Alternativen zum Tiktok-Verbot

Man muss dieses chine­si­sche Video­monster nicht mögen, um ein Verbot für falsch zu halten. Wie wäre es, wenn sich die US-ameri­ka­nischen Ab­ge­ord­neten ein paar ernst­hafte Gedan­ken zum Thema machen würden?

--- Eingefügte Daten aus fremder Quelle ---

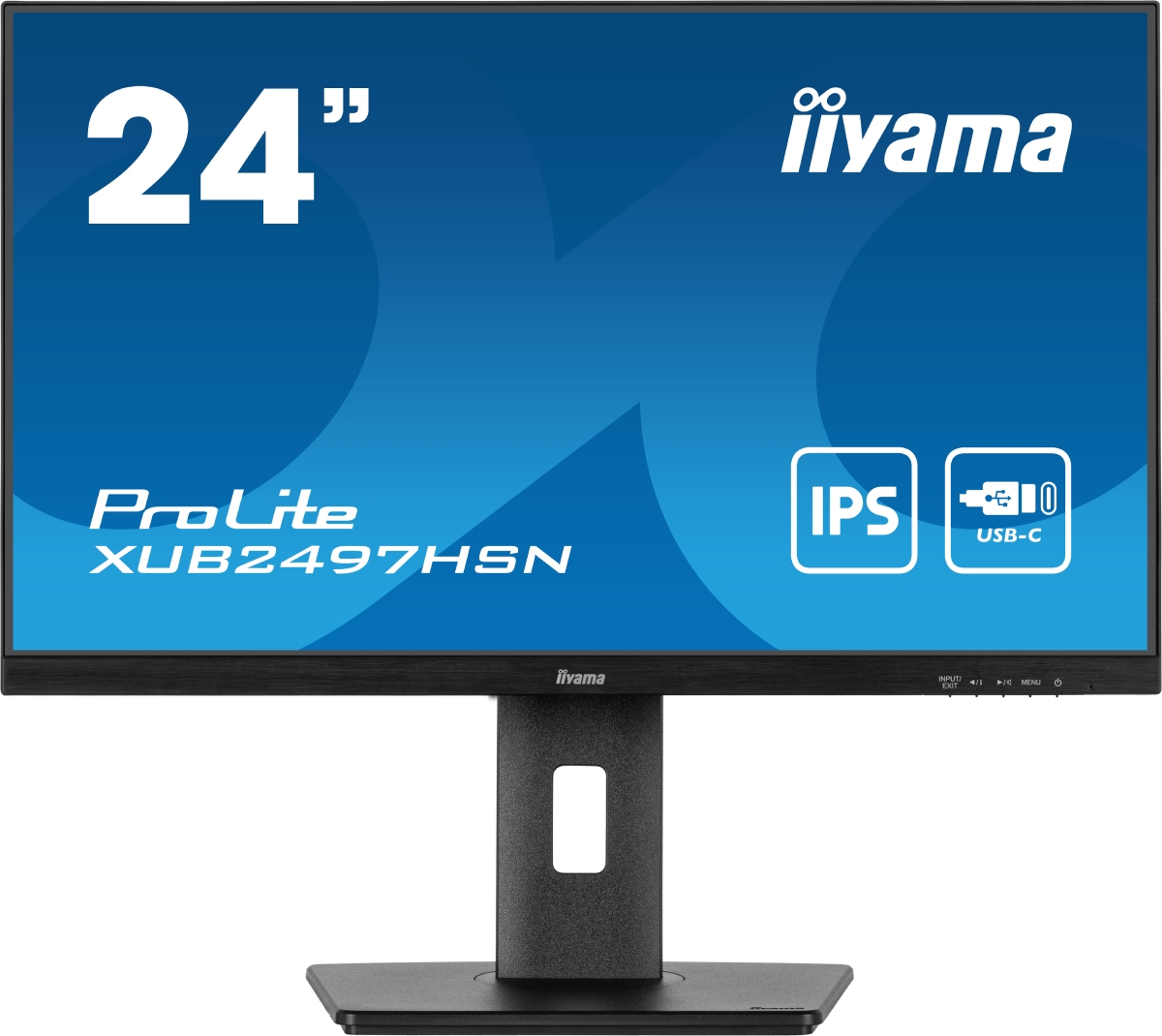 image produit Iiyama PROLITE XUB2497HSN-B1 - 23.8" FHD 100Hz avec USB-C dock et RJ45 Grosbill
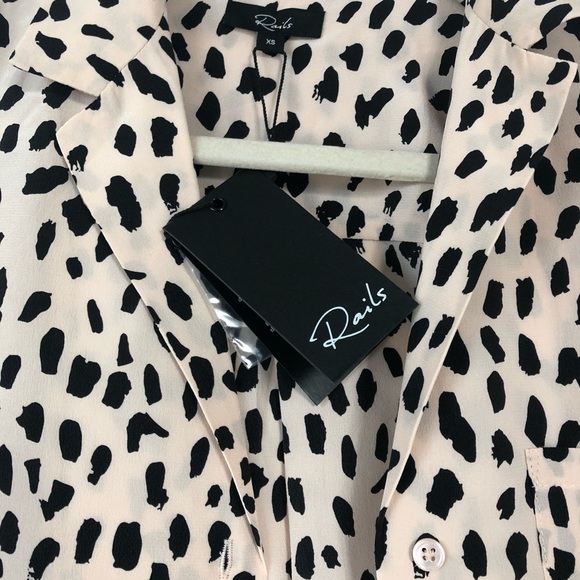 Rails Rebel Silk Blouse - Picture 4 of 4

Es ist verblüffend: Die Demokraten und Republikaner sind sich überhaupt in gar nichts einig – ausser darin, dass Tiktok wegmuss. Im Repräsentantenhaus haben sie ein Gesetz auf den Weg gebracht, dass der chinesische Betreiber sein US-Geschäft entweder abspalten oder ein Verbot gewärtigen muss.

Für ältere Herr- und Frauschaften – zu denen ich mich zähle – liegt der Gedanke nahe, dass die Welt ohne Tiktok besser dran wäre: Diese App mit ihren kruden Videos, die auf bizarre Weise unverständliche Dinge erzählen – welchen Zweck soll die erfüllen? Sollten die Jungen nicht besser ein gutes Buch lesen?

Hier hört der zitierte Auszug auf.